*** EXERCISE INPUTS ***

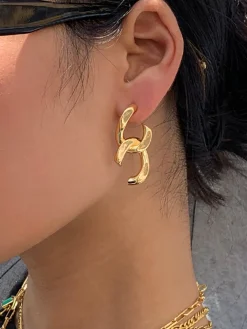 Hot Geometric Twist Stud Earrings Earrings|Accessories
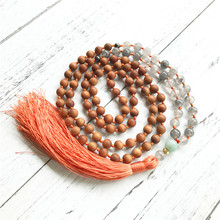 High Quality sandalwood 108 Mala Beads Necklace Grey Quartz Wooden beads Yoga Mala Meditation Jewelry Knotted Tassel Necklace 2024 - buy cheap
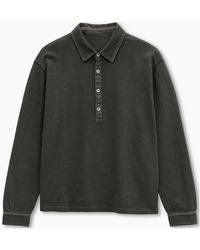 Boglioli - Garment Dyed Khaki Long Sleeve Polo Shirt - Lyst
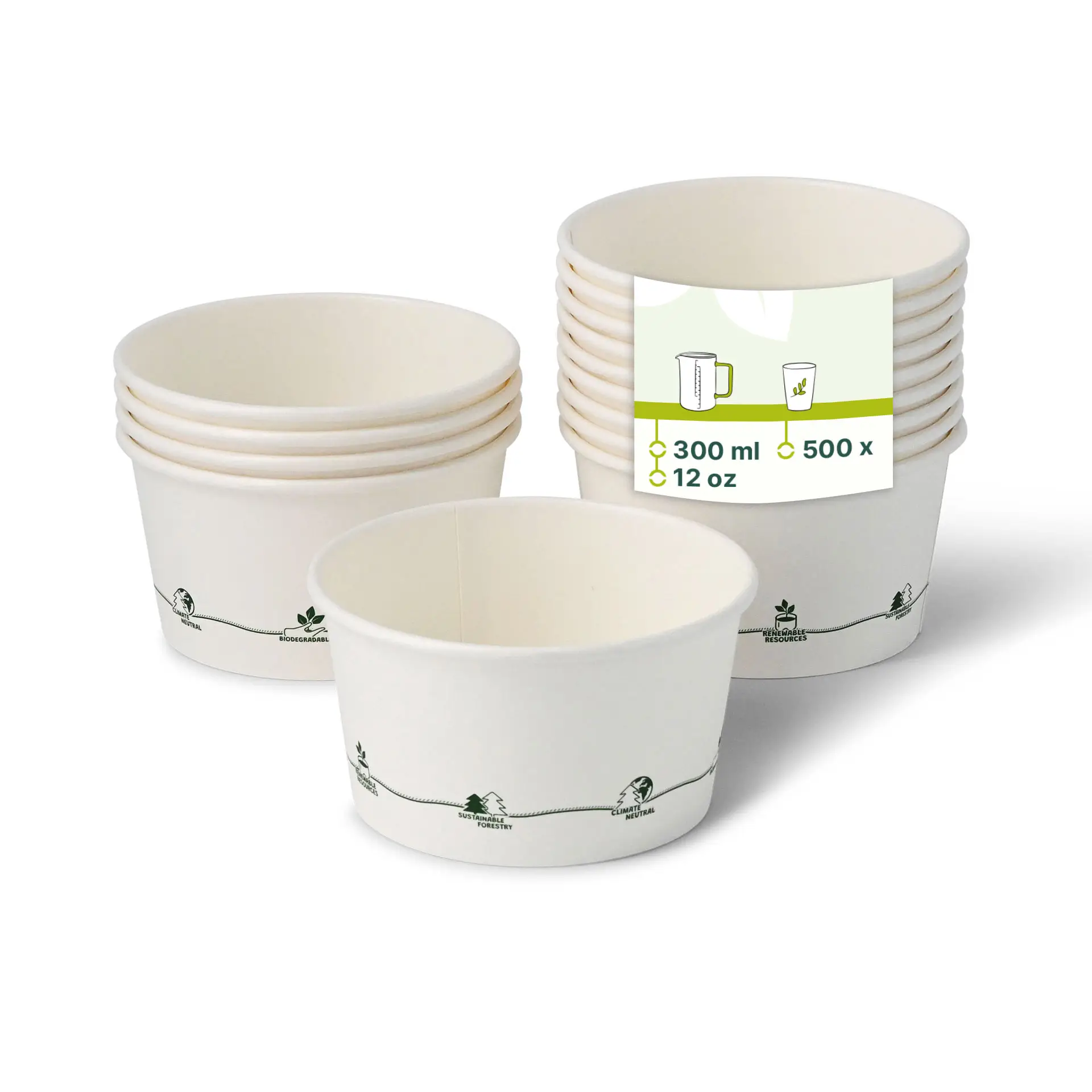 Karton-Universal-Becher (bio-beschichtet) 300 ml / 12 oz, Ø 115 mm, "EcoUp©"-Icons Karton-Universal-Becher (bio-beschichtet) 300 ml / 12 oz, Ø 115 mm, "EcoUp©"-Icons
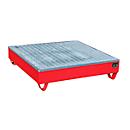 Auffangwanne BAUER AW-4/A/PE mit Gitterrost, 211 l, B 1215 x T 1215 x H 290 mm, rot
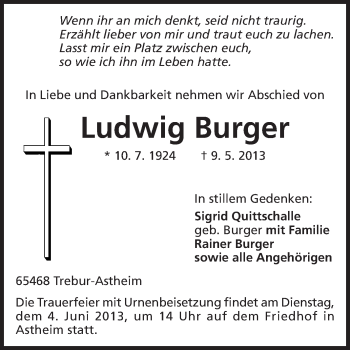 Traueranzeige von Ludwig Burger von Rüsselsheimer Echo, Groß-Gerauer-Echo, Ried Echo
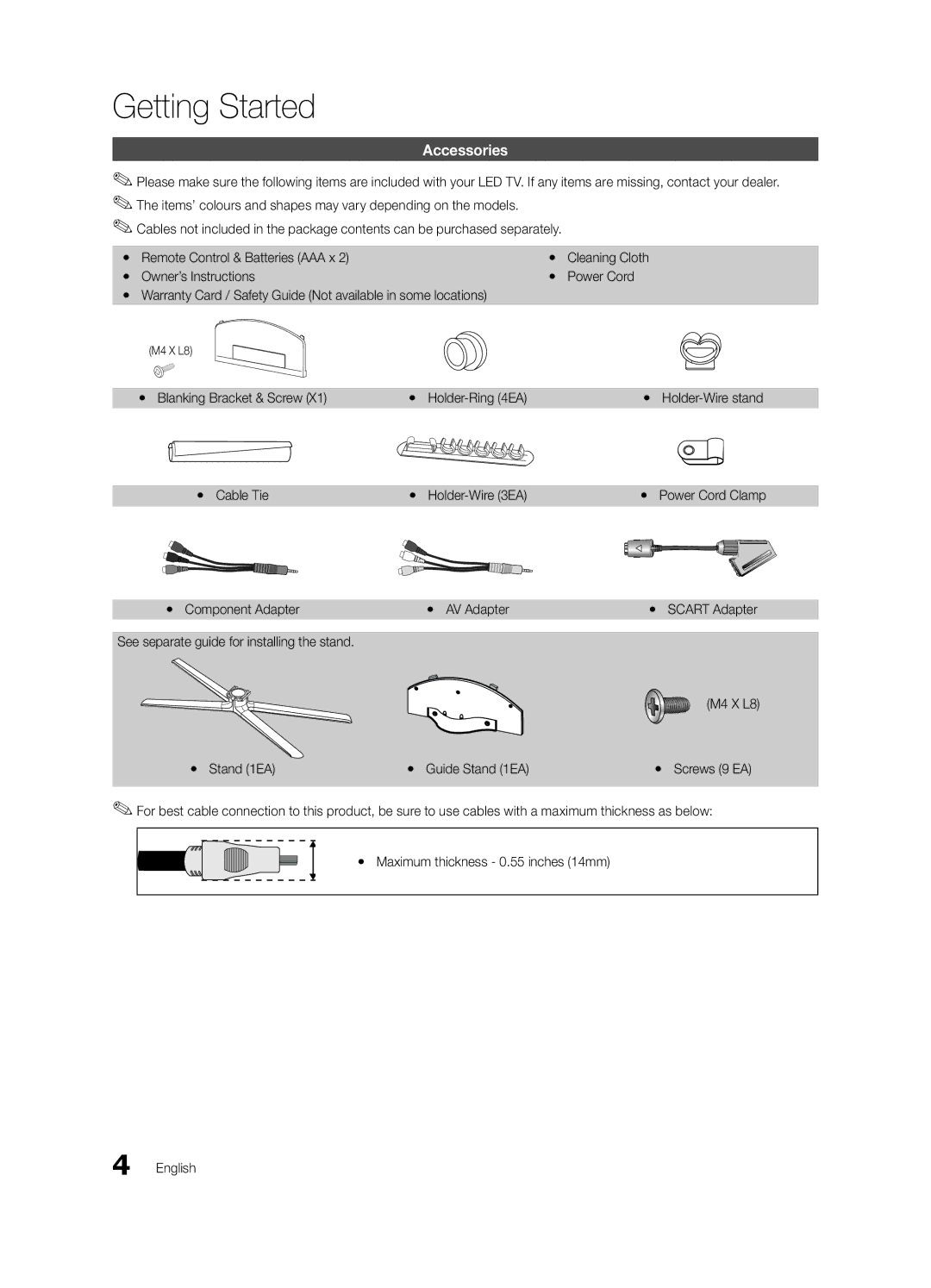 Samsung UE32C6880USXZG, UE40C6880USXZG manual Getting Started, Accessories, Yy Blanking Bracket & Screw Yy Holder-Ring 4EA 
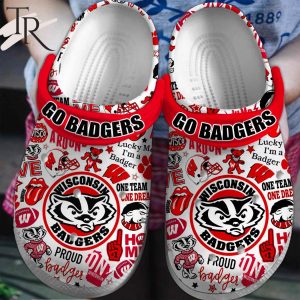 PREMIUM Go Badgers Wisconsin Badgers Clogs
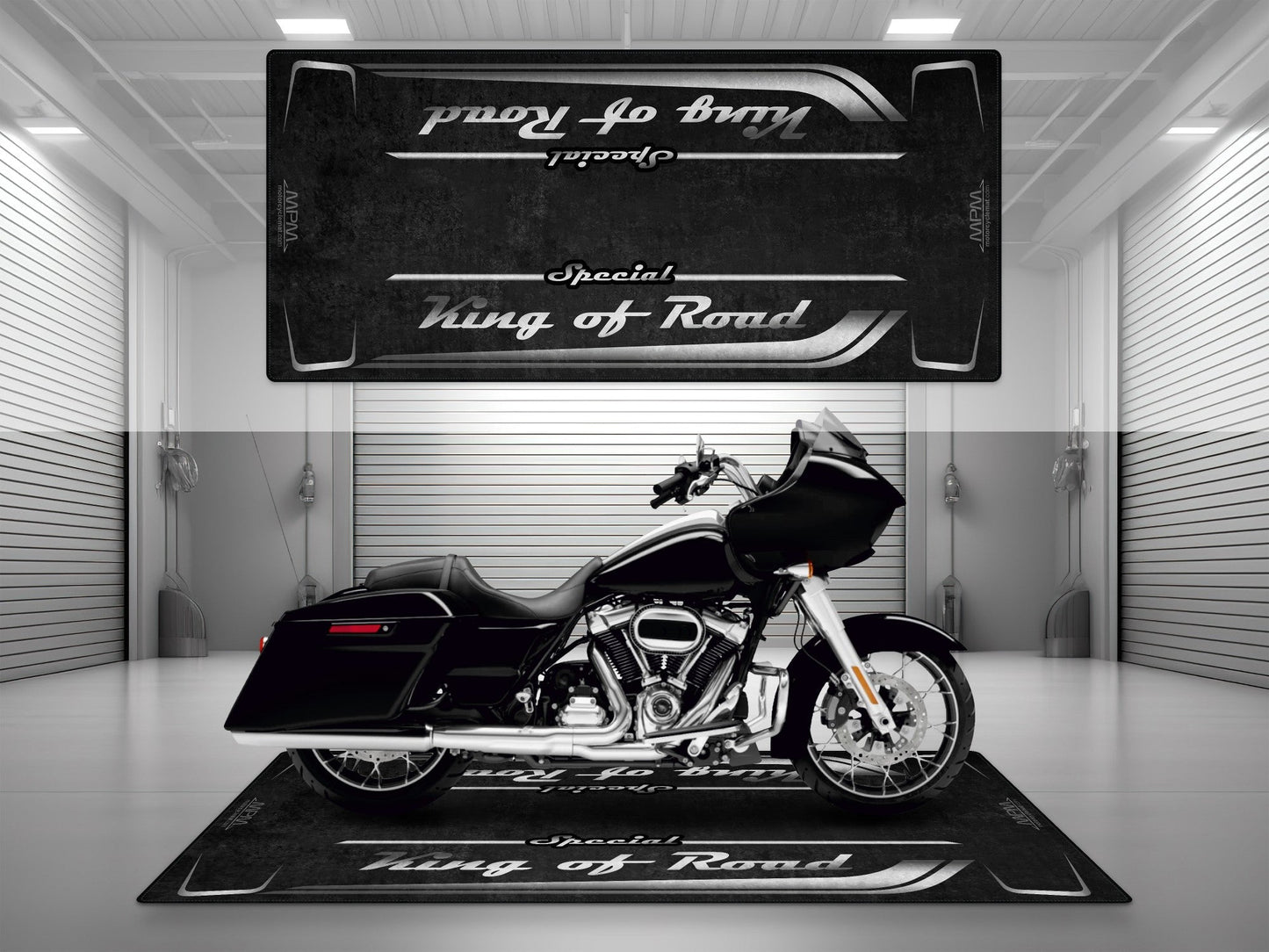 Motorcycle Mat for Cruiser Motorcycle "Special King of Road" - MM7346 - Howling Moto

*** End of EXERCISE INPUTS ***

[TASK GOAL] Of the lines above, quote exactly those from the one with "Boglioli - Garment" through the one with "PREMIUM Go Badgers Wisconsin Badgers Clogs", ends included; pictures stay out.

[TASK RESPONSE]
 Boglioli - Garment Dyed Khaki Long Sleeve Polo Shirt - Lyst
 Karton-Universal-Becher (bio-beschichtet) 300 ml / 12 oz, Ø 115 mm, "EcoUp©"-Icons Karton-Universal-Becher (bio-beschichtet) 300 ml / 12 oz, Ø 115 mm, "EcoUp©"-Icons
 Auffangwanne BAUER AW-4/A/PE mit Gitterrost, 211 l, B 1215 x T 1215 x H 290 mm, rot
 Traueranzeige von Ludwig Burger von Rüsselsheimer Echo, Groß-Gerauer-Echo, Ried Echo
 Samsung UE32C6880USXZG, UE40C6880USXZG manual Getting Started, Accessories, Yy Blanking Bracket & Screw Yy Holder-Ring 4EA 
 PREMIUM Go Badgers Wisconsin Badgers Clogs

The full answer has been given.